Outsourcing is still a utopian dream for many investment houses. The idea that a fund manager can offload all of its back-office responsibilities and concentrate on investment performance alone remains an enticing aim, particularly in tough markets. However, so far only a few full outsourcing deals are actually being undertaken, with varying success, while one or two of the biggest custodians have yet to get their products off the ground. This stuttering start has left the investment community uncertain of its next step. If outsourcing really is investment nirvana, fund managers will still want to pursue it. However, the pain endured by those already on the path has made them wary. Will faith help to silence the doubters?

Mark Tennant

These are austere times for fund managers.
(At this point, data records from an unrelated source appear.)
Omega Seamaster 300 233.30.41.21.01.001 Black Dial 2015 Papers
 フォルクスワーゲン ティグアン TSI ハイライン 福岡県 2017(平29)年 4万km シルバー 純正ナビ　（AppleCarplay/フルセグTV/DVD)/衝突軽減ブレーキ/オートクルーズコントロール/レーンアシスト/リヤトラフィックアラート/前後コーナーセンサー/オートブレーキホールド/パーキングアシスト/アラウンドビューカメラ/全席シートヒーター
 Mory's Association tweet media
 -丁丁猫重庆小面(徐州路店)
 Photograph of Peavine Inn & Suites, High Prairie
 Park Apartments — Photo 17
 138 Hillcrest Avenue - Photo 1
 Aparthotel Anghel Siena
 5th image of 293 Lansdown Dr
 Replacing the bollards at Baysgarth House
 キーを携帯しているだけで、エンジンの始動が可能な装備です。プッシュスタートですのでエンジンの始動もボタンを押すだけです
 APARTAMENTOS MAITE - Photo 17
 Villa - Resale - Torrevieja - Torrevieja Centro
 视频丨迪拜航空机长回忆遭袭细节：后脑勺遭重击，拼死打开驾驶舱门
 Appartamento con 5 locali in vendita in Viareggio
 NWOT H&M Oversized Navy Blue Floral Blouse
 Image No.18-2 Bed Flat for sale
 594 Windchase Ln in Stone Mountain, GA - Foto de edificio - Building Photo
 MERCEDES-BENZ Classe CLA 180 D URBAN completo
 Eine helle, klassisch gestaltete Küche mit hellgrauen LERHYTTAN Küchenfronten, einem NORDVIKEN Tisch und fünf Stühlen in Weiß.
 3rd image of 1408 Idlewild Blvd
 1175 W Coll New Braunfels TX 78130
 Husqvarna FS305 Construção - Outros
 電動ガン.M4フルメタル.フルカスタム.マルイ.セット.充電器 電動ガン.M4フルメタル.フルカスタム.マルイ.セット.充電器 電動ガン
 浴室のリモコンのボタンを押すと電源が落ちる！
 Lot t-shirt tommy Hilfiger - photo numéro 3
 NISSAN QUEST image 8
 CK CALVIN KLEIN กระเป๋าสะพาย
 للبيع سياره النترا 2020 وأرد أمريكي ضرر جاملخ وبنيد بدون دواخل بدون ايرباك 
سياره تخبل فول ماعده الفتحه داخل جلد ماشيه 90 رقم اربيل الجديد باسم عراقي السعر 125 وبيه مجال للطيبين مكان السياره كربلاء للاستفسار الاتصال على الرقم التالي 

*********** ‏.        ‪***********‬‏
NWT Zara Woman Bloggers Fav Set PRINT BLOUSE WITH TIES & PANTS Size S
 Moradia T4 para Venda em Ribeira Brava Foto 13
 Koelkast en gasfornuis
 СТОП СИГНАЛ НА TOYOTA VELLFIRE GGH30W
The long bull run of the 1990s made everyone drunk on record highs for indices and the juicy returns that came with them. With the market corrections came the hangover and the realization that the good times would not go on for ever and that portfolio management wasn't simply a game of buying stock and watching it go up and up.

With increased pressure to produce returns, investment houses are looking around for ways to save a few basis points in costs here, a few there. Even these relatively small amounts, the arguments run, can make a difference.

In this environment the debate over the value of outsourcing the back office will inevitably take greater prominence.

As Daron Pearce, managing director, European outsourcing services at Bank of New York, says: "There has been a massive increase in competition between asset managers, and margins are under a great deal of pressure.